- _Items from a dataset_:
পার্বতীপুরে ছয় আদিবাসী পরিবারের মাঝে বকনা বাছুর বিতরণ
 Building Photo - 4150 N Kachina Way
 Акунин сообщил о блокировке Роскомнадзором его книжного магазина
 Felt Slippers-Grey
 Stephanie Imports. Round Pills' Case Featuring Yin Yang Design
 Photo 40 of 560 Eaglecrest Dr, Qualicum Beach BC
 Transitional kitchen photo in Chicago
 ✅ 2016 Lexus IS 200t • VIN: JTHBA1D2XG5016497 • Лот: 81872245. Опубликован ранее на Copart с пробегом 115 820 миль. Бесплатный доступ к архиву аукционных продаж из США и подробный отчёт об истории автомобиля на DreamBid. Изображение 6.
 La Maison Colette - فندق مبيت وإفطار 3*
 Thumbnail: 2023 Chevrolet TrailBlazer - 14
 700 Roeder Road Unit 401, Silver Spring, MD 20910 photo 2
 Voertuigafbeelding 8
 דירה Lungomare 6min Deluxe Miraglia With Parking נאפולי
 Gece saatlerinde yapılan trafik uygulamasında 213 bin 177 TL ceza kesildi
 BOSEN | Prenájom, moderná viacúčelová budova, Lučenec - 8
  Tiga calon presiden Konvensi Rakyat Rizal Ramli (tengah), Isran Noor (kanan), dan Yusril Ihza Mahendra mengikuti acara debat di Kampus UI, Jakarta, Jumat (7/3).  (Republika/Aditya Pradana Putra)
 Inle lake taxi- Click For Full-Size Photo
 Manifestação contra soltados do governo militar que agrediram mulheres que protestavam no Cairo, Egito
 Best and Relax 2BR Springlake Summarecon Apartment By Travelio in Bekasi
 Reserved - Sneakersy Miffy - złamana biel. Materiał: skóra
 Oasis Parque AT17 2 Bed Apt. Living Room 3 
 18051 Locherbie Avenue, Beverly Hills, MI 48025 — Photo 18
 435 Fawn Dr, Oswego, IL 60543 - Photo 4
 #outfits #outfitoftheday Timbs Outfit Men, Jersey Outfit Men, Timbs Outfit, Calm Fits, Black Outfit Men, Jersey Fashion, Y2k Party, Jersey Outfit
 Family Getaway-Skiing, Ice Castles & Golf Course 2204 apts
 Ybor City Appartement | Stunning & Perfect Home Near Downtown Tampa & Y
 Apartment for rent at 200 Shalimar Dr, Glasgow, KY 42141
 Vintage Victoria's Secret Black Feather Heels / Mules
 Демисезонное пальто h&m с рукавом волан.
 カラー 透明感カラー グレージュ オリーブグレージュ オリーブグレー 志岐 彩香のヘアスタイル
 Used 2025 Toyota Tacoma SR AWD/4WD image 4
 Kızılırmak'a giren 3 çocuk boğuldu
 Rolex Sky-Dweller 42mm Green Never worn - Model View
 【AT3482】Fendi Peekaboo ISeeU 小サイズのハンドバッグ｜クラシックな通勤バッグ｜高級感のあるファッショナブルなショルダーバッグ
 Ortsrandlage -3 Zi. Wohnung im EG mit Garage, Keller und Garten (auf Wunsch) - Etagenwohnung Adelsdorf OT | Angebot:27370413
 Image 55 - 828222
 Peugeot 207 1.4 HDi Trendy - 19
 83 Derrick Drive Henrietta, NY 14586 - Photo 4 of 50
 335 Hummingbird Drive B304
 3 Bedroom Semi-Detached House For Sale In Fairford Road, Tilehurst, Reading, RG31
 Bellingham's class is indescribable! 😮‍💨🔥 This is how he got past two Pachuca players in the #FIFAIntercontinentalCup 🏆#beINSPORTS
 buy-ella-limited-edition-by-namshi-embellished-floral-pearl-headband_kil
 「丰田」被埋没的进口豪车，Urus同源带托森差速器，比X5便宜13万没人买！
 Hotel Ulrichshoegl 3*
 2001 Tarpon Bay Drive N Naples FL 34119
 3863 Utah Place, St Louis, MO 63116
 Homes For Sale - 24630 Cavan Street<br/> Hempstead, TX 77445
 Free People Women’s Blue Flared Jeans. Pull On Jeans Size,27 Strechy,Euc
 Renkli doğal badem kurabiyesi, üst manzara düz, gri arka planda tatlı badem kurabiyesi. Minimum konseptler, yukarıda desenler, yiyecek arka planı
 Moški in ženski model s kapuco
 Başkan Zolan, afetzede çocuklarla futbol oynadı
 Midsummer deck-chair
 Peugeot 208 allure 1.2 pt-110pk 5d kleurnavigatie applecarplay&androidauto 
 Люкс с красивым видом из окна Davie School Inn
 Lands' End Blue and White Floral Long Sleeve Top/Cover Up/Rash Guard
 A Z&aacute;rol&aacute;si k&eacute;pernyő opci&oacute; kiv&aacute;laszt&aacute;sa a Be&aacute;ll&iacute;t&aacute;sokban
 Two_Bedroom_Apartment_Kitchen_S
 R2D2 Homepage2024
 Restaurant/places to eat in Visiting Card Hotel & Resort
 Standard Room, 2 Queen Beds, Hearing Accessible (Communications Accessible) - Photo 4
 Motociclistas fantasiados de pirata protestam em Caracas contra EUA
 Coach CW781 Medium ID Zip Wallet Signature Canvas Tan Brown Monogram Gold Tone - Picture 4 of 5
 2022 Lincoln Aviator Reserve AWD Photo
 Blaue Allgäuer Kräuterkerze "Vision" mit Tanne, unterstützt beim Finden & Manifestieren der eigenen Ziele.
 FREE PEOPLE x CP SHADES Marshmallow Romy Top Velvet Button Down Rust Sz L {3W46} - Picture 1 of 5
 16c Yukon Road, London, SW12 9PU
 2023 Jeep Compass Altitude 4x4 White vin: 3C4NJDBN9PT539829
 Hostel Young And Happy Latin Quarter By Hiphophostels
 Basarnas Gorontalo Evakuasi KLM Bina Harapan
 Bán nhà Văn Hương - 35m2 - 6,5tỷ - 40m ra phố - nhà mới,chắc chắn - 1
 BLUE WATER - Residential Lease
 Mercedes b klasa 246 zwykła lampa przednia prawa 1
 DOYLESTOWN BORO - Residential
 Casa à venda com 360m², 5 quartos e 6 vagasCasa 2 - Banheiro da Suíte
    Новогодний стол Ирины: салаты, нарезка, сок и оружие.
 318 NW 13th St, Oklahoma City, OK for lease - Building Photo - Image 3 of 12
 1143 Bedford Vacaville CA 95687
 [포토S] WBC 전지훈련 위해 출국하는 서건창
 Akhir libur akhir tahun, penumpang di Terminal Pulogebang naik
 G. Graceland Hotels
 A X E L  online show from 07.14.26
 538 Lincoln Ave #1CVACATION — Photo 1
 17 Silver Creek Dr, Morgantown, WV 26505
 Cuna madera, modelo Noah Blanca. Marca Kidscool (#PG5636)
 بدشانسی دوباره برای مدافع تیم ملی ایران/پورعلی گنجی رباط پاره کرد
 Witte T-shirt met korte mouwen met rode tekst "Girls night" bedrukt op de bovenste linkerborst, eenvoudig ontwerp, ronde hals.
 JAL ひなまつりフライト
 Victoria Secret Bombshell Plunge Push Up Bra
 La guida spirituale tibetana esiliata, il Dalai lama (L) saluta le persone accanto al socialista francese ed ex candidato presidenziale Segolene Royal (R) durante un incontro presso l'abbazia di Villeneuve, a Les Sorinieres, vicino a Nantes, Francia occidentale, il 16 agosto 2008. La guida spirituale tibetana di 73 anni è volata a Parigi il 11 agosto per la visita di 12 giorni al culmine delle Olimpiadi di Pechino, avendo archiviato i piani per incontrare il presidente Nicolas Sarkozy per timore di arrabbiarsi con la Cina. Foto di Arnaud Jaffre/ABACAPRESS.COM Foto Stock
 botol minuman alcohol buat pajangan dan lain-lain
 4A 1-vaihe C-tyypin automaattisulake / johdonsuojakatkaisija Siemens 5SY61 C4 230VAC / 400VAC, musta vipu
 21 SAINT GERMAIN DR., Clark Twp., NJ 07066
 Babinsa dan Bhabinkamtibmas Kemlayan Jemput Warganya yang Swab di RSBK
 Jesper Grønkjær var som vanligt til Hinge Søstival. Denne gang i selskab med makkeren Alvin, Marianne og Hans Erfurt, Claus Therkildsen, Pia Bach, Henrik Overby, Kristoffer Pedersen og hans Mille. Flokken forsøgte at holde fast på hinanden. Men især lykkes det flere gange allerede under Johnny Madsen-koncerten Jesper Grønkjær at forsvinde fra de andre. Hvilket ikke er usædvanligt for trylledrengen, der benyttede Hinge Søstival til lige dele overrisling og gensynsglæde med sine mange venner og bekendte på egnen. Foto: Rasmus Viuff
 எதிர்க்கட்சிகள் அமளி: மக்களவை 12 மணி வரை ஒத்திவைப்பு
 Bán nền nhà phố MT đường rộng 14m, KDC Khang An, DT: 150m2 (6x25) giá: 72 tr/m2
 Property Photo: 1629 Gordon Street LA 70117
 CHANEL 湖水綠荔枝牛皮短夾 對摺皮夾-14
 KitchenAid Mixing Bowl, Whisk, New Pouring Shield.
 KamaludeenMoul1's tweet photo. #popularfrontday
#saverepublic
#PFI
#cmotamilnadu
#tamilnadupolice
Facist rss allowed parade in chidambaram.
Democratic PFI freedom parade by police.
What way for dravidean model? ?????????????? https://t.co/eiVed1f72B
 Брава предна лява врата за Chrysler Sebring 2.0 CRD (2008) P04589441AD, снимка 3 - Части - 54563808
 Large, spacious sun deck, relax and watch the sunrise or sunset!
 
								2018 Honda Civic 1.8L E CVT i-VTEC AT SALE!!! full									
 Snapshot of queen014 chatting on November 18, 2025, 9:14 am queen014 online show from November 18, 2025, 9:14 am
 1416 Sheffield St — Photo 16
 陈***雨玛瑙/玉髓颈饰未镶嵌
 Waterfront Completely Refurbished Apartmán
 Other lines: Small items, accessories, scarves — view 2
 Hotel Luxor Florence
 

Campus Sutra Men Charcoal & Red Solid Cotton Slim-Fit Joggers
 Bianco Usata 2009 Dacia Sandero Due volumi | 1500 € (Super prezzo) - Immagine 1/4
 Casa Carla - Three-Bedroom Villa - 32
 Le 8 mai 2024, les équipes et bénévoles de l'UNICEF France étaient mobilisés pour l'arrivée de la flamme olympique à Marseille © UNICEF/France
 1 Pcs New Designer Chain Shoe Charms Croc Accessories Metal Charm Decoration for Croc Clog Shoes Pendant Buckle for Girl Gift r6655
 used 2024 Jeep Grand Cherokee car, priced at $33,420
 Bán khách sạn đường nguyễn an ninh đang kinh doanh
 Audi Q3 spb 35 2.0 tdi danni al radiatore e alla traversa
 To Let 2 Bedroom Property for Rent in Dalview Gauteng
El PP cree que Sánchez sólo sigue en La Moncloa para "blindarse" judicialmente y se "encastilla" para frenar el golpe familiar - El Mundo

- _INSTRUCTIONS FOR THE TASK_:
Return only the number of lines in the records above that include the string "Drive".

- _EXPECTED ANSWER_:
3